COMPARATIVE ANALYSIS OF HISTORICAL VAR AND GARCH VAR METHODS IN ASSESSING THE MARKET RISK OF A CURRENCY PORTFOLIO

СРАВНИТЕЛЬНЫЙ АНАЛИЗ МЕТОДОВ HISTORICAL VAR И GARCH VAR В ОЦЕНКЕ РЫНОЧНОГО РИСКА ВАЛЮТНОГО ПОРТФЕЛЯ
Aitkaliuly A.
Цитировать:
Aitkaliuly A. COMPARATIVE ANALYSIS OF HISTORICAL VAR AND GARCH VAR METHODS IN ASSESSING THE MARKET RISK OF A CURRENCY PORTFOLIO // Universum: экономика и юриспруденция : электрон. научн. журн. 2026. 4(138). URL: https://7universum.com/ru/economy/archive/item/22332 (дата обращения: 01.04.2026).
Прочитать статью:
DOI - 10.32743/UniLaw.2026.138.4.22332

 

ABSTRACT

This article provides a comparative analysis of two popular market risk assessment methods: historical simulation (Historical VaR) and a parametric approach based on conditional heteroskedasticity models (GARCH VaR). The study is based on empirical data of exchange rates (USD, EUR, RUB). Using a 252-day rolling window method, one-step-ahead risk forecasts were generated at a 99% confidence level. Backtesting results showed that both models adequately assess the risk of a diversified currency portfolio; however, the GARCH model demonstrates more conservative estimates for individual currencies during volatile periods by capturing volatility clustering and utilizing the Student's t-distribution.

АННОТАЦИЯ

В данной статье проводится сравнительный анализ двух популярных методов оценки рыночного риска — исторического моделирования (Historical VaR) и параметрического подхода на основе моделей условной гетероскедастичности (GARCH VaR). Исследование базируется на эмпирических данных обменных курсов валют (USD, EUR, RUB). С использованием метода скользящего окна (rolling window) длиной 252 дня были построены прогнозы риска на шаг вперед при доверительном уровне 99%. Результаты бэктестинга показали, что обе модели адекватно оценивают риск диверсифицированного валютного портфеля, однако модель GARCH демонстрирует более консервативные оценки для индивидуальных валют в периоды волатильности благодаря учету эффекта кластеризации и использованию t-распределения Стьюдента.

 

Keywords:  market risk, currency portfolio, Value at Risk, VaR, GARCH, backtesting, historical simulation.

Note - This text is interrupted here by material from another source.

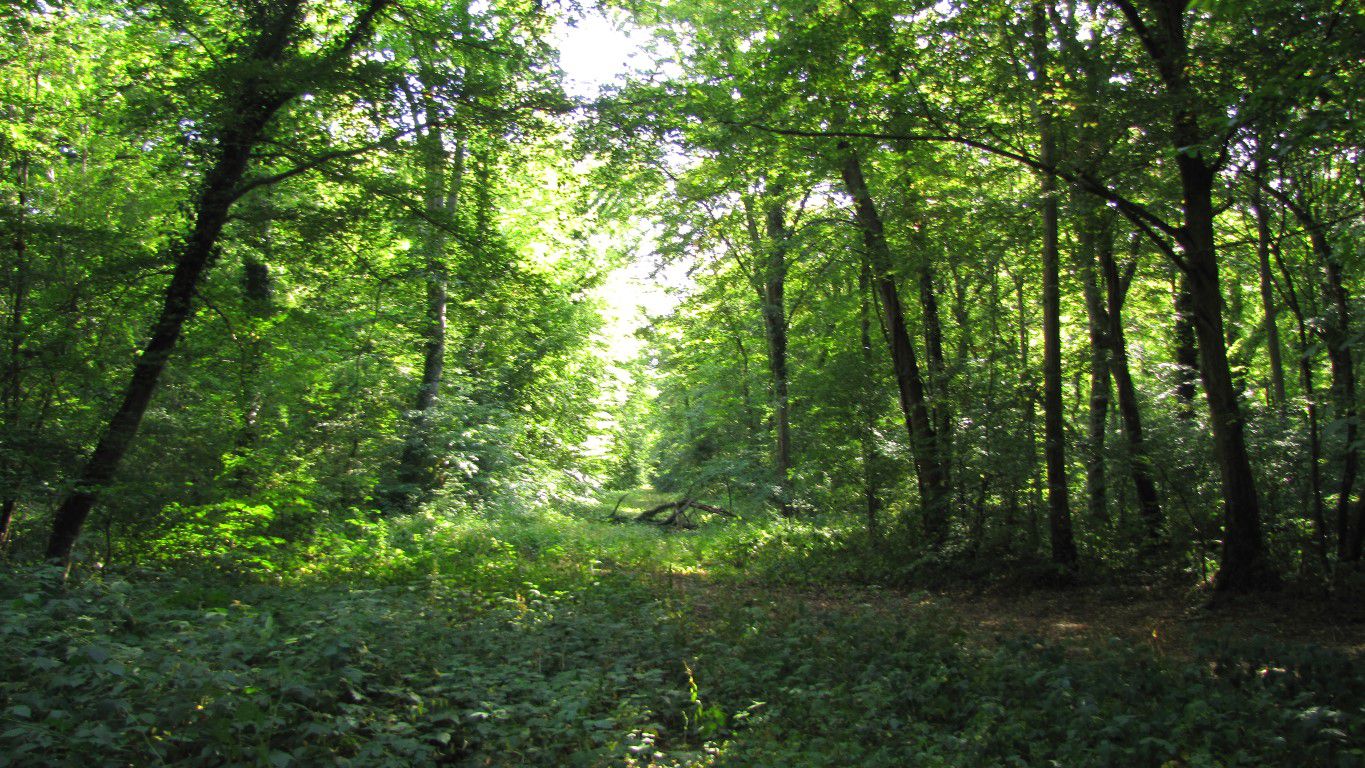 Randonnée en forêt de Compiègne_la Croix Saint-Sauveur_le Ru du Goderu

Ключевые слова: рыночный риск, валютный портфель, Value at Risk, VaR, GARCH, бэктестинг, историческое моделирование.

 

1. INTRODUCTION

In the context of current global economic instability and high financial market volatility, assessing market risk is a critical task for financial institutions and private investors. Currency risk, as a component of market risk, requires reliable mathematical and statistical tools. The most common metric for quantifying risk is Value at Risk (VaR), which determines the maximum possible loss of a portfolio over a given time horizon with a certain confidence level.

Despite the widespread use of VaR, the choice of the optimal calculation method remains an open question. The traditional historical simulation method (Historical VaR) is simple to implement but relies on the assumption that past return distributions will perfectly repeat in the future. In contrast, parametric models of the GARCH (Generalized Autoregressive Conditional Heteroskedasticity) family can account for such stylized facts of financial time series as volatility clustering and heavy-tailed distributions.

The purpose of this study is an empirical comparison of the effectiveness of the Historical VaR and GARCH VaR methods in assessing the market risk of a multicurrency portfolio based on a backtesting procedure.

2. LITERATURE REVIEW

The evolution of market risk measurement has been extensively documented in academic literature, particularly since the widespread adoption of Value at Risk in the 1990s following the publication of J.P. Morgan’s RiskMetrics methodology and subsequent regulatory frameworks established by the Basel Committee on Banking Supervision. VaR has become the industry standard for risk reporting due to its ability to aggregate multiple risk factors into a single, easily interpretable monetary figure representing potential downside risk.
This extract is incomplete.